Growing up many little girls in the 60s, 70s, and even the 90s rarely saw dolls that looked like them.

BUFFALO, N.Y. — Lisa Jacobs-Watson is a doll curator. She was on hand for a doll exhibit in Buffalo that showed the beauty and evolution of dolls.

"The rag dolls that are part of our exhibit are replicas of the original dolls that may have been made or were made by slaves, they were hand-sewn," Jacobs-Watson said.

"So this was prior to any technology or any machinery, and now we have manufacturers who are doing wonderful new and modern things, but they're doing it in ways where dolls are representative of the today woman."

RELATED ARTICLE: Black doll exhibit returns at Merriweather Library

Author Connie Porter, a Lackawanna native, is best known for her contribution to the American Girl Collection Series as the author of the Addy books.

"Addy represents our ancestors," Porter told 2 On Your Side. "She lets us know that no matter what, there's that chance to survive and to move on."

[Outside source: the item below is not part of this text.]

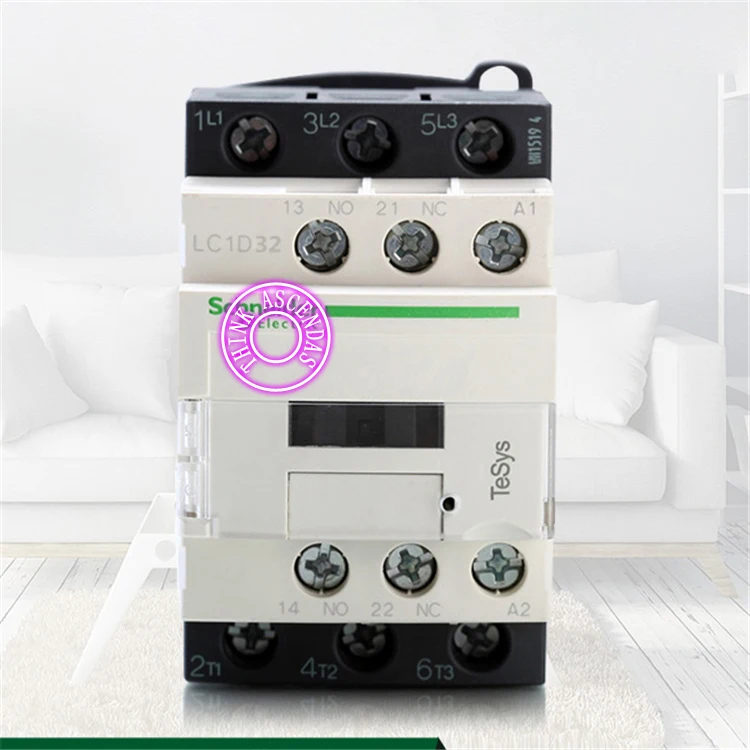LC1D Series Contactor LC1D32 LC1D32KDC 100V LC1D32LDC 200V LC1D32MDC 220V LC1D32NDC 60V LC1D32PDC LC1D32QDC LC1D32ZDC 20V DC
LC1D Series Contactor LC1D32 LC1D32KDC 100V LC1D32LDC 200V LC1D32MDC 220V LC1D32NDC 60V LC1D32PDC LC1D32QDC LC1D32ZDC 20V DC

Erie County legislator chair April Baskin said "representation matters."

She pointed to the fact that there are too many young women in Buffalo who are not feeling valued or uplifted due to their economic status or their skin color. 

"If we can make sure that we are uplifting dolls in a young woman's life, where she's imaginative, she's playing and she's imagining what her life will be like, and teach her that that doll that she's playing with, while she's in that imaginative and creative space is beautiful, she will see herself as beautiful," Baskin told 2 On Your Side.